Moses writes in Gen 2:7–8, “Then Yahweh God formed man of dust from the ground and breathed into his nostrils the breath of life; and so the man became a living being. And Yahweh God planted a garden in Eden, toward the east; and there He placed the man whom He had formed.”
God made Adam out of the earth that He just spoke into existence with a word, five days earlier. Subsequently, God planted a garden and put the man there. It is a garden before sin. The colors, fragrances, tastes, and growth were unaffected by the fall. It’s quite a stimulating thought.
I want to draw your attention to two observations which we will pair with the gospel of John later. The first observation I want to draw your attention to is found here. New life is found in the garden. Adam has just been fashioned and is in the garden. Adam is the first human to exist. His life is breathed into him and his direction is seen in him, as a new creation, beginning in a garden.
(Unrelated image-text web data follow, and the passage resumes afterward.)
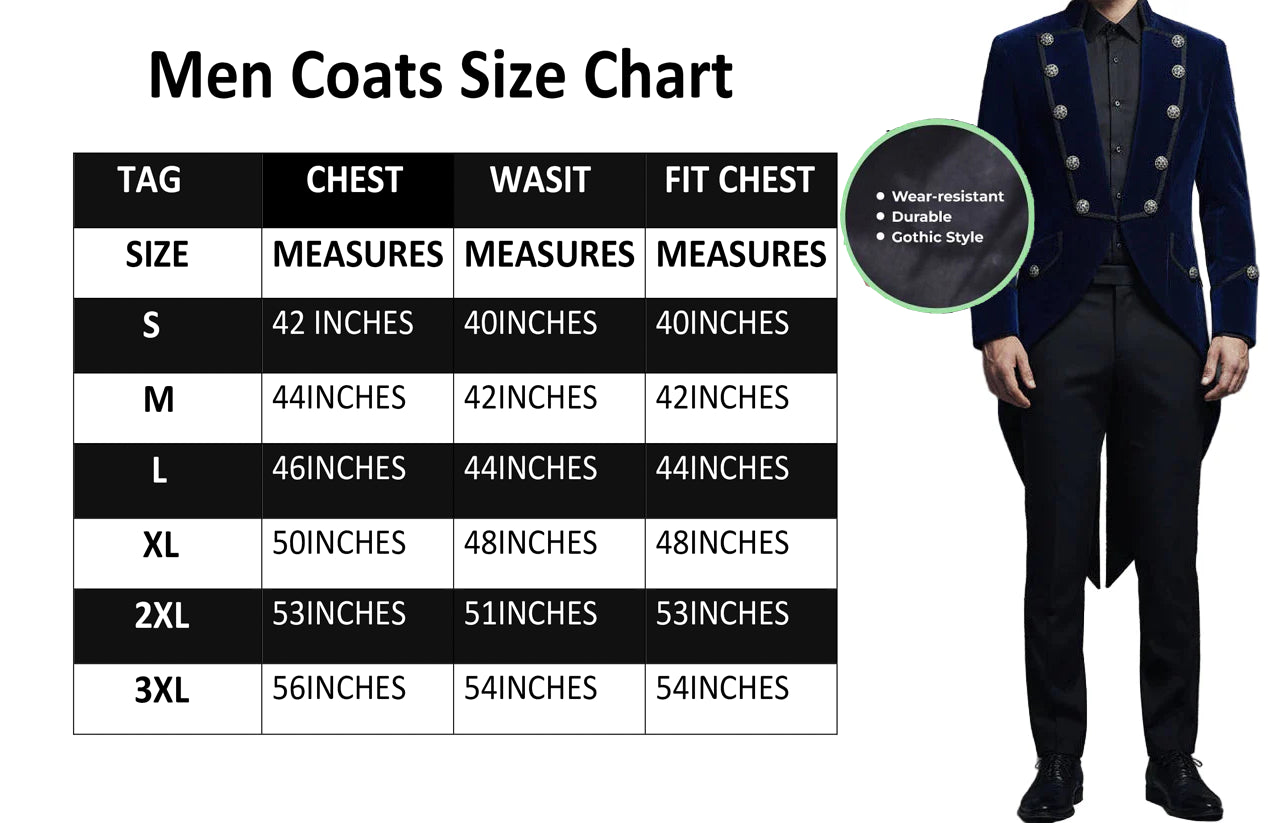 Men's Velvet Vladimir Tuxedo Blue Velvet Jacket Tail Coat Goth Steampunk Victorian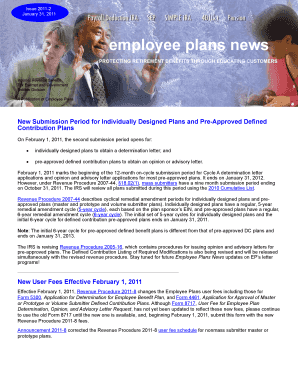 Employee Plans News Issue 2 January 31, IRS Irs  Form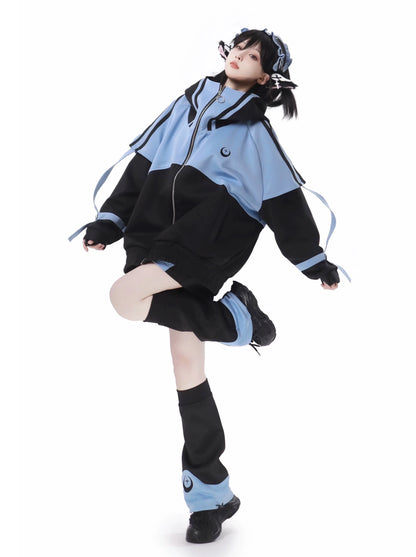 Leg Shorts Jacket Subculture Warmers Headband Dark Pants Sporty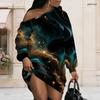Women Plus Size Off Shoulder Long Sleeve Black Teal Gold Galaxy Print Dress
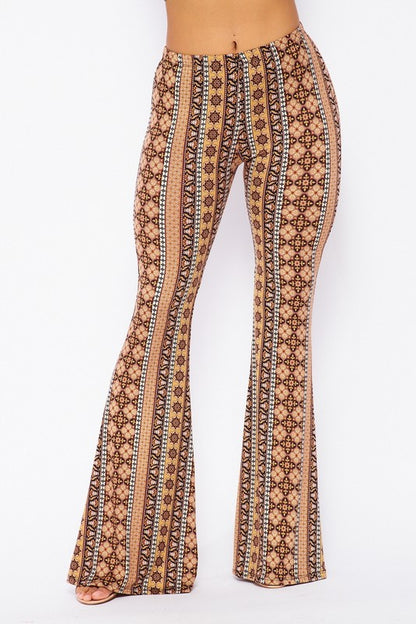 Paisley Boho Print Bell Bottom Pants 5Besties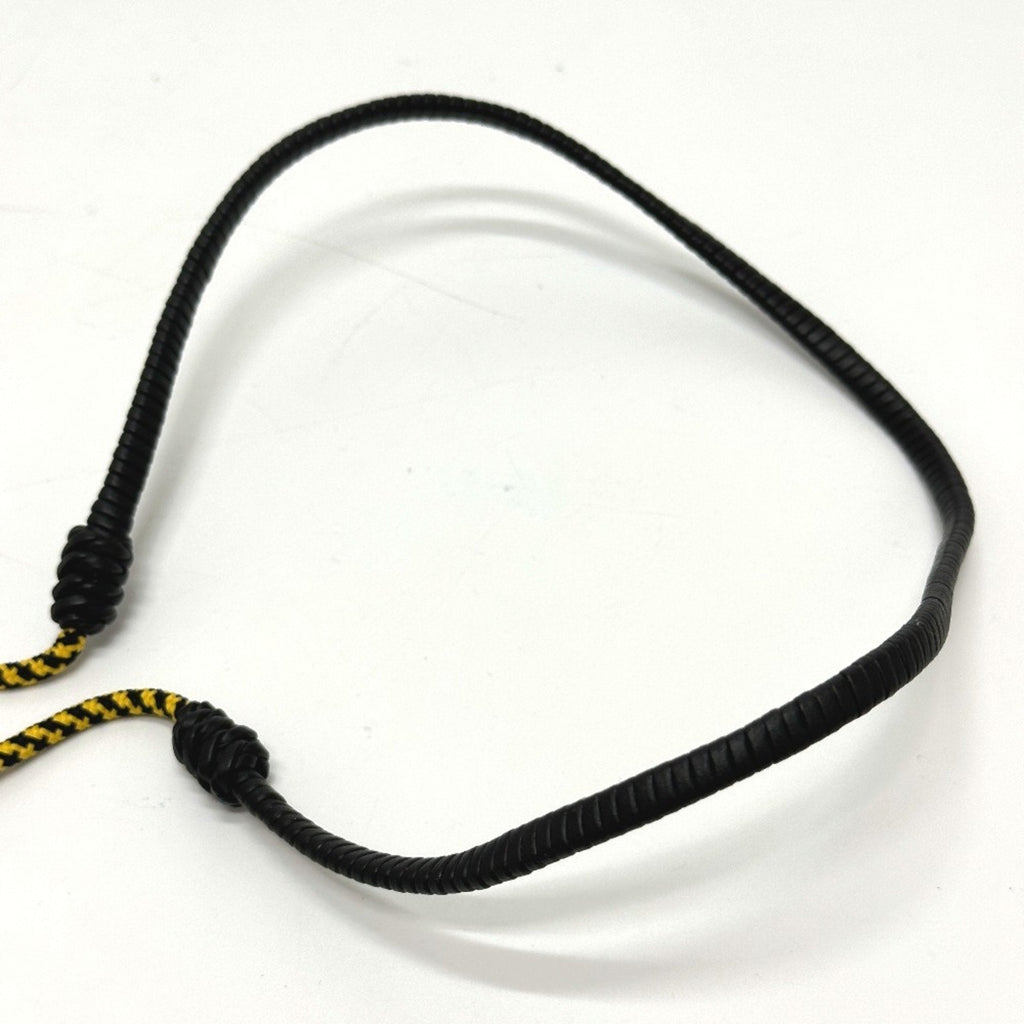 Choker Necklace Leather Black Orange Yellow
Next, we see what occurred within the garden in Gen 2:9. “And out of the ground Yahweh God caused to grow every tree that is desirable in appearance and good for food; the tree of life also in the midst of the garden, and the tree of the knowledge of good and evil.” The garden is full of produce that God causes to grow. It is a picture of God’s kindness as the fruit is good for food which should reveal God’s own character to Adam.
God made rivers and then tasks man with his job in Gen 2:15–17. “Then Yahweh God took the man and set him in the garden of Eden to cultivate it and keep it. And Yahweh God commanded the man, saying, ‘From any tree of the garden you may surely eat; but from the tree of the knowledge of good and evil, you shall not eat from it; for in the day that you eat from it you will surely die.’”
There’s more here than I will comment on. Suffice it to say, Adam is placed in the garden as God’s representative. That’s the second observation. Under God, Adam is tasked with ruling over the garden and that expands to the rest of the land and created order (cf. Gen 1:26–28). Adam is called to be faithful as God’s vice-regent. He is without sin, but his faithfulness must be proven. That’s seen in the wording of Gen 2:17.
So, life is breathed into the dirt, and Adam exists, he’s commissioned to be faithful as God’s representative, and his occupation is that of a gardener. Things are looking great.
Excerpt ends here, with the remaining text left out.